Task item ▸ Quote word for word the lines starting at the line with "Mermaid Royal Blue" and ending at the final line of the entries. Leave out any pictures.

Records for the exercise ▸
......

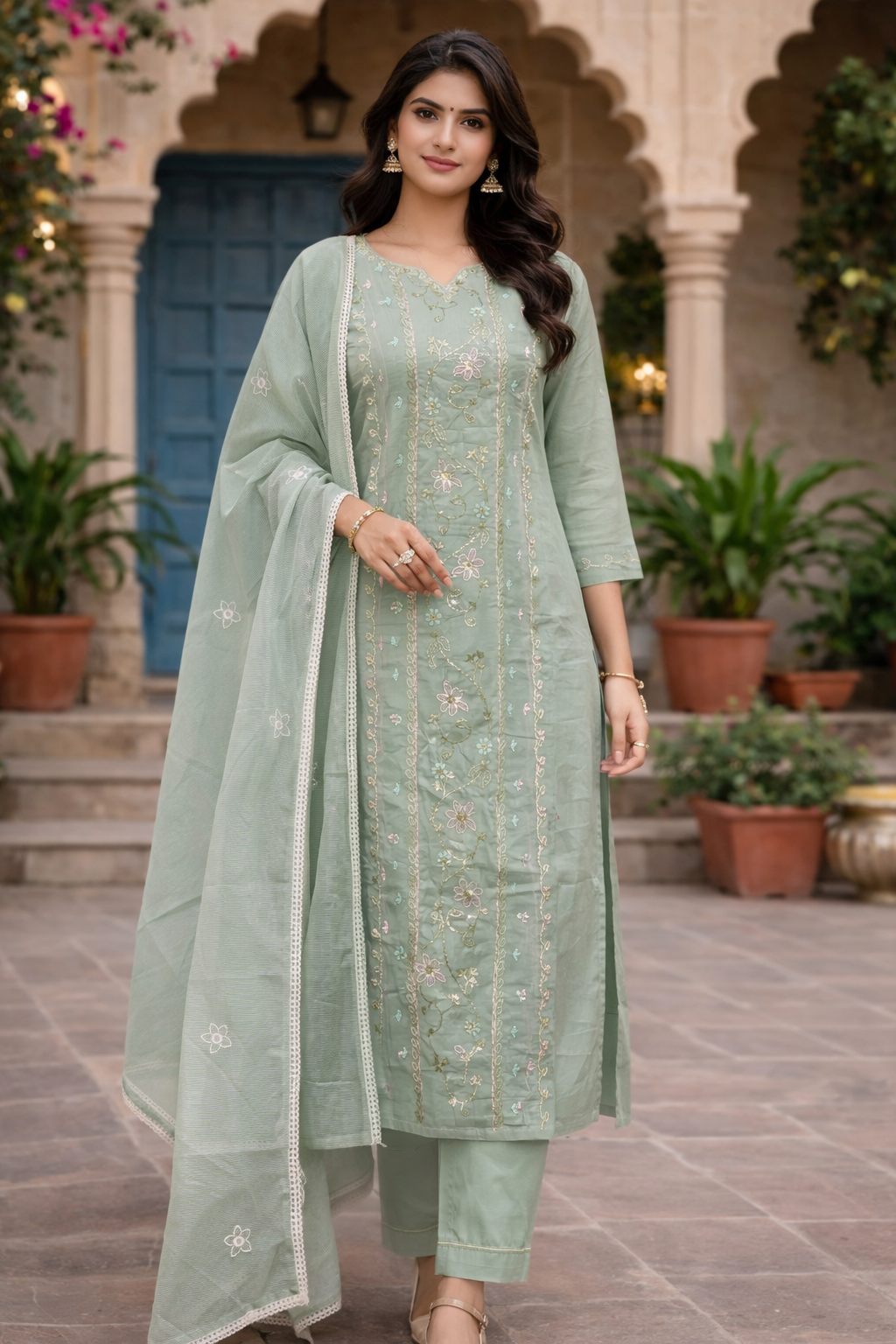 Lucknowi Chikankari Mulcotton Kathawork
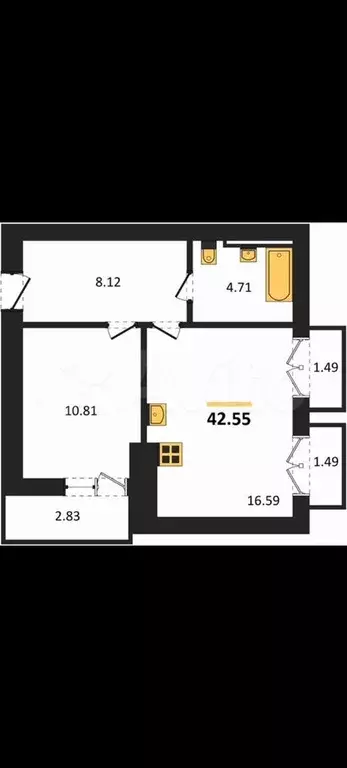 1-к. квартира, 46 м, 8/8 эт. - Фото 1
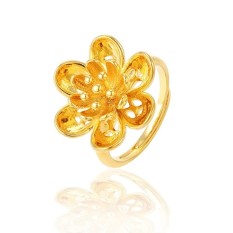 24 K Berlapis Emas Cincin Kasual Sederhana Flower Adjustable Cincin Hadiah Perhiasan untuk Wanita Pesta Club Cincin Emas Korea- INTL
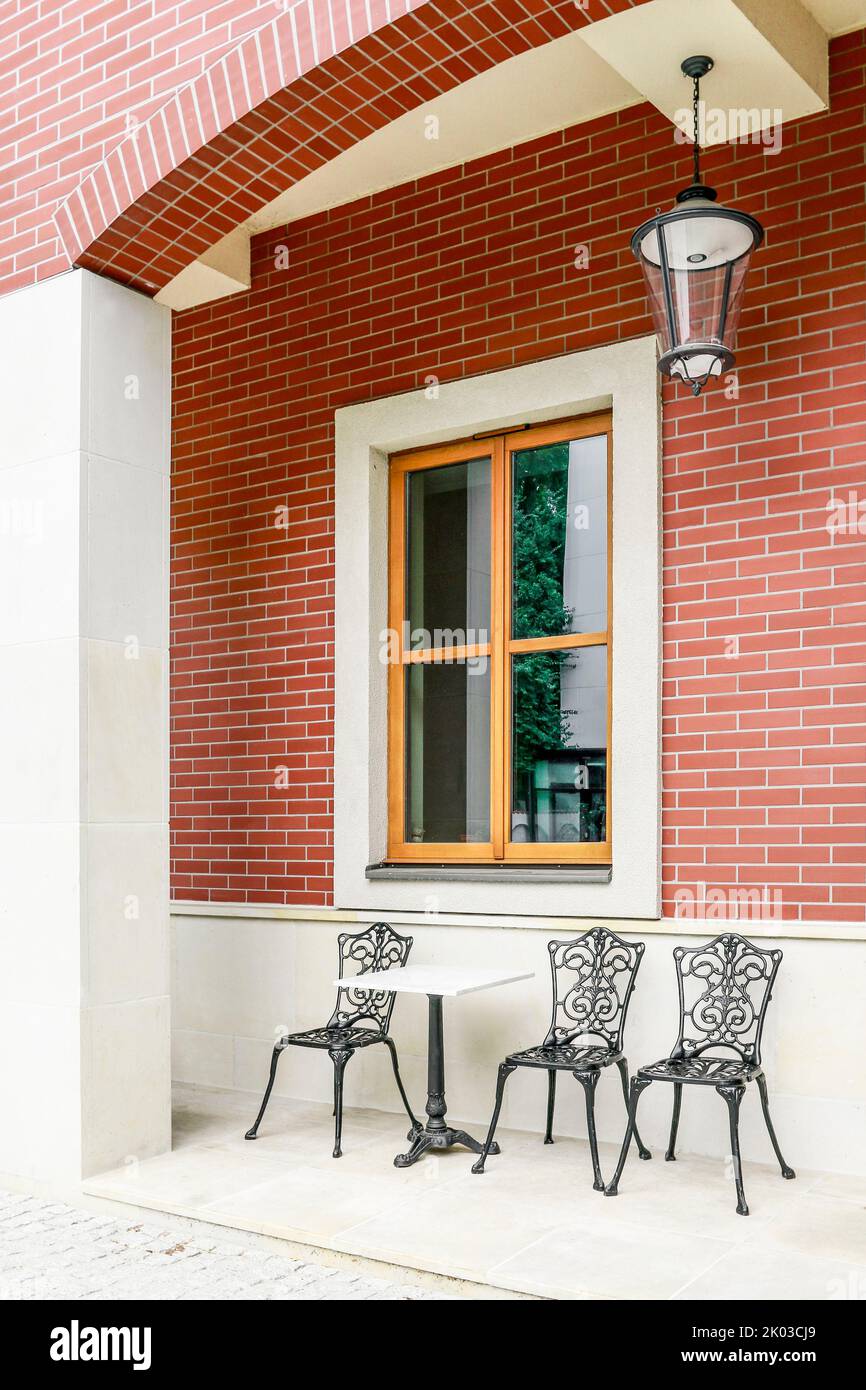Three iron chairs by the window in The Czapski Pavilion, The National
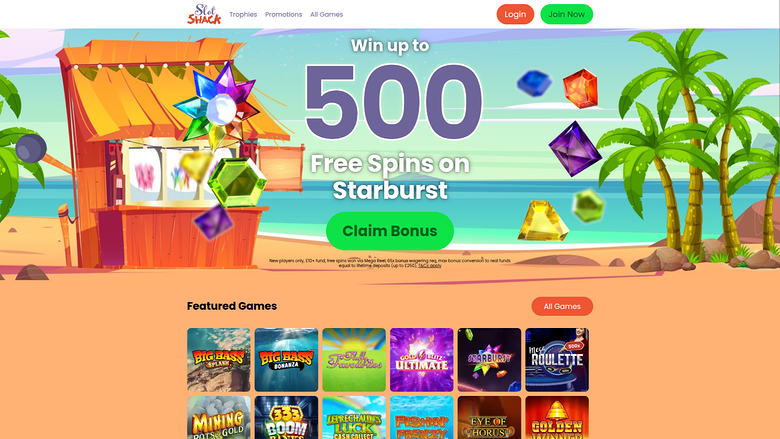 Slot Shack Casino — Homepage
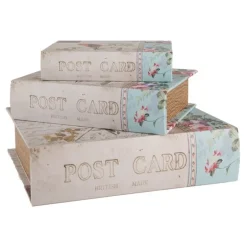 Opbergdozen set van 3 houten boeken vogel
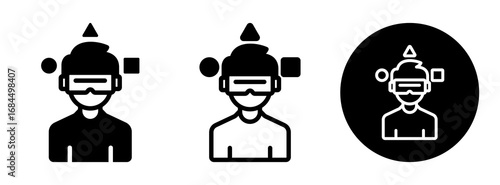 Vr Vision Icon Collection Glyph & Mixed Style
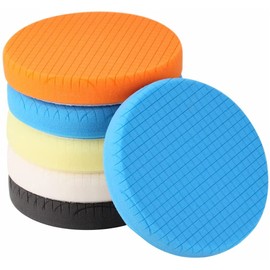 ANCLLO 5Pcs 7 Inch Face Backing Plate Compound Buffing Sponge Pads Cutting Polishing Pad Kit For Car Buffer Polisher Compounding, Polishing and Waxing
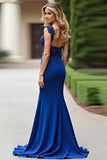 Mermaid Royal Blue Backless Mother of the Bride Dress with Appliques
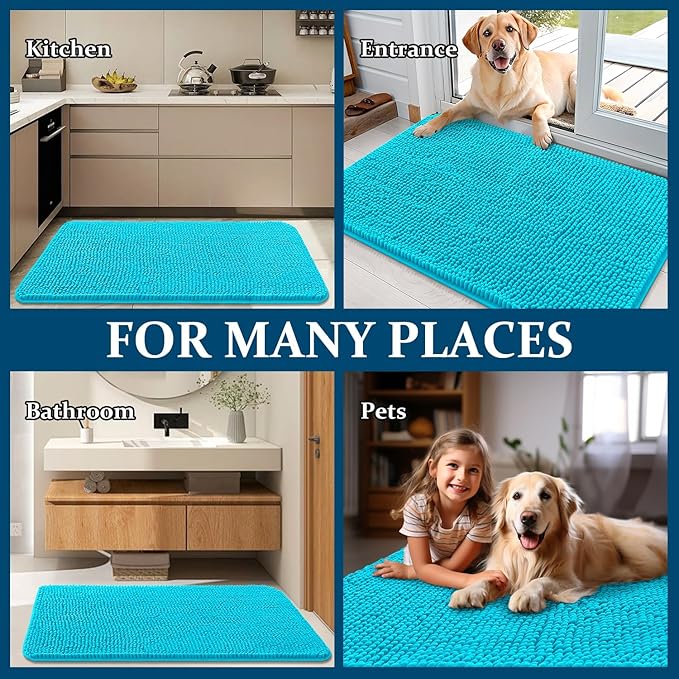 OLANLY Dog Door Mat for Muddy Paws 24x16, Absorbs Moisture and Dirt, Absorbent Non-Slip Washable Doormat, Quick Dry Chenille Mud Mat for Dogs, Entry Indoor Entryway Carpet for Inside Floor, Aqua Blue - Image 8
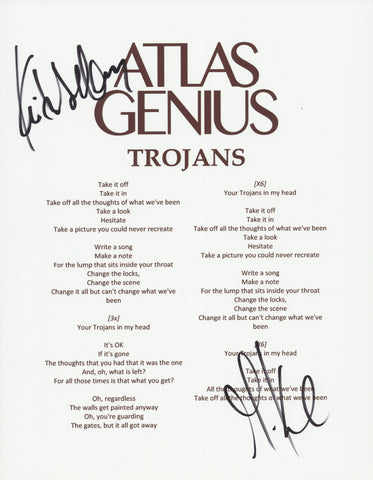 ATLAS GENIUS SIGNED TROJANS LYRIC SHEET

......

Exercise response ▸
 Mermaid Royal Blue Backless Mother of the Bride Dress with Appliques
 OLANLY Dog Door Mat for Muddy Paws 24x16, Absorbs Moisture and Dirt, Absorbent Non-Slip Washable Doormat, Quick Dry Chenille Mud Mat for Dogs, Entry Indoor Entryway Carpet for Inside Floor, Aqua Blue - Image 8
 ATLAS GENIUS SIGNED TROJANS LYRIC SHEET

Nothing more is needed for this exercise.